Origins of Crypto's Biggest Failed Merger

Galaxy announced the acquisition in May 2021, marking the largest proposed merger in the crypto industry at that time. Under the deal terms, BitGo CEO Mike Belshe would have joined Galaxy as deputy CEO and board member.

Galaxy terminated the deal in August 2022 as crypto markets reeled from the Terra ecosystem collapse. The company cited BitGo's failure to deliver compliant, audited financial statements by the July 31 deadline. The accounting dispute centers on SEC Staff Accounting Bulletin 121 (SAB 121), which introduced new requirements for public companies safeguarding digital assets.

Novogratz Testimony and Regulatory Claims

During his testimony, Novogratz stated: "The entire time, I was pushing to get this deal done." He argued that the SEC under then-Chair Gary Gensler made regulatory approval effectively impossible.

Novogratz also addressed Galaxy's involvement in Luna trading before the Terra collapse, stating: "The idea that I single-handedly created this lunacy is just not correct."

BitGo CEO Mike Belshe countered that his company had provided all required information and called the failed deal "incredibly damaging" to BitGo's reputation and business prospects.

The $100 Million Termination Fee at Stake

The case hinges on whether BitGo's financial statements complied with SAB 121 requirements by the contractual deadline. Galaxy contends that non-compliance gave it a valid exit without triggering the $100 million termination fee.

BitGo argues that Galaxy wrongfully abandoned the transaction. The Delaware Supreme Court previously noted that SAB 121 became effective shortly before BitGo's deadline, adding complexity to the compliance timeline.

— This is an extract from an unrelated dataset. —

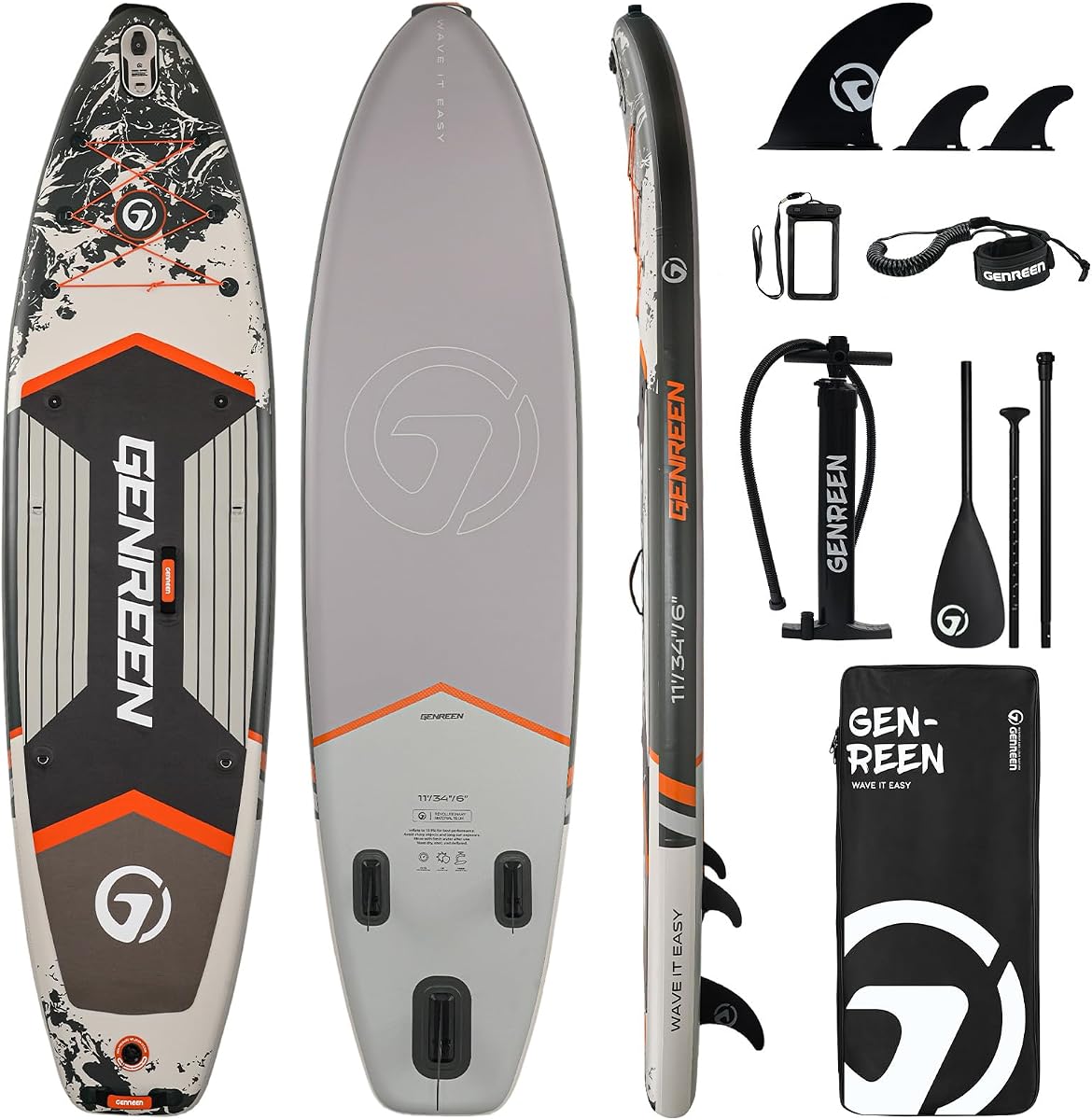 Tabla de remo Tabla de remo (extra grande 11'*33/34") Recién mejorada 2 capas laterales 450 libras Inspección de calidad × 5 tablas de remo Pesca Familia Se admiten mascotas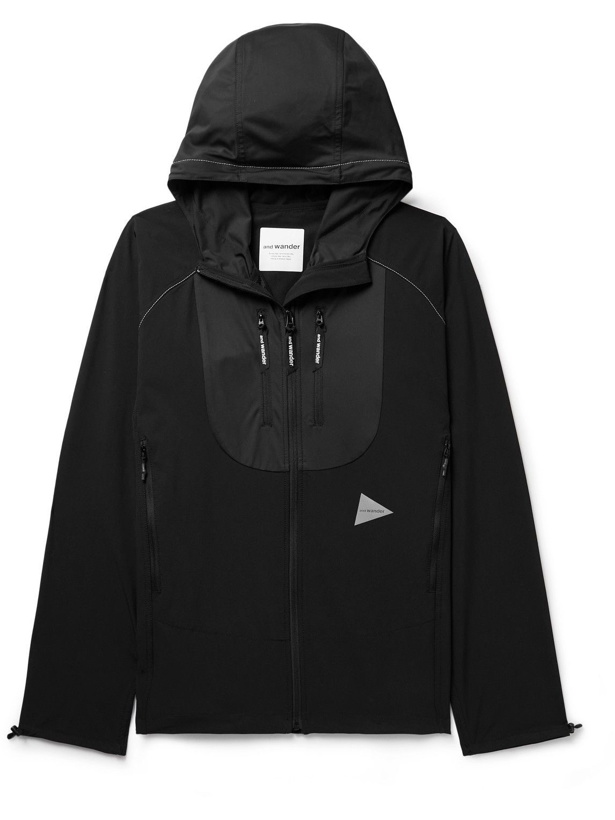 Photo: And Wander - Jersey-Trimmed Z-Grav Hooded Jacket - Black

Precedent for Crypto M&A Agreements

The trial is expected to conclude this week, with the judge issuing a final ruling on whether Galaxy owes the termination fee. The case has become one of the most closely watched contract disputes in crypto, with potential implications for how digital asset mergers handle regulatory contingencies.

What's Next

A ruling from the Delaware Chancery Court is expected in the coming weeks. The outcome could influence how future crypto M&A agreements structure regulatory approval conditions and termination provisions.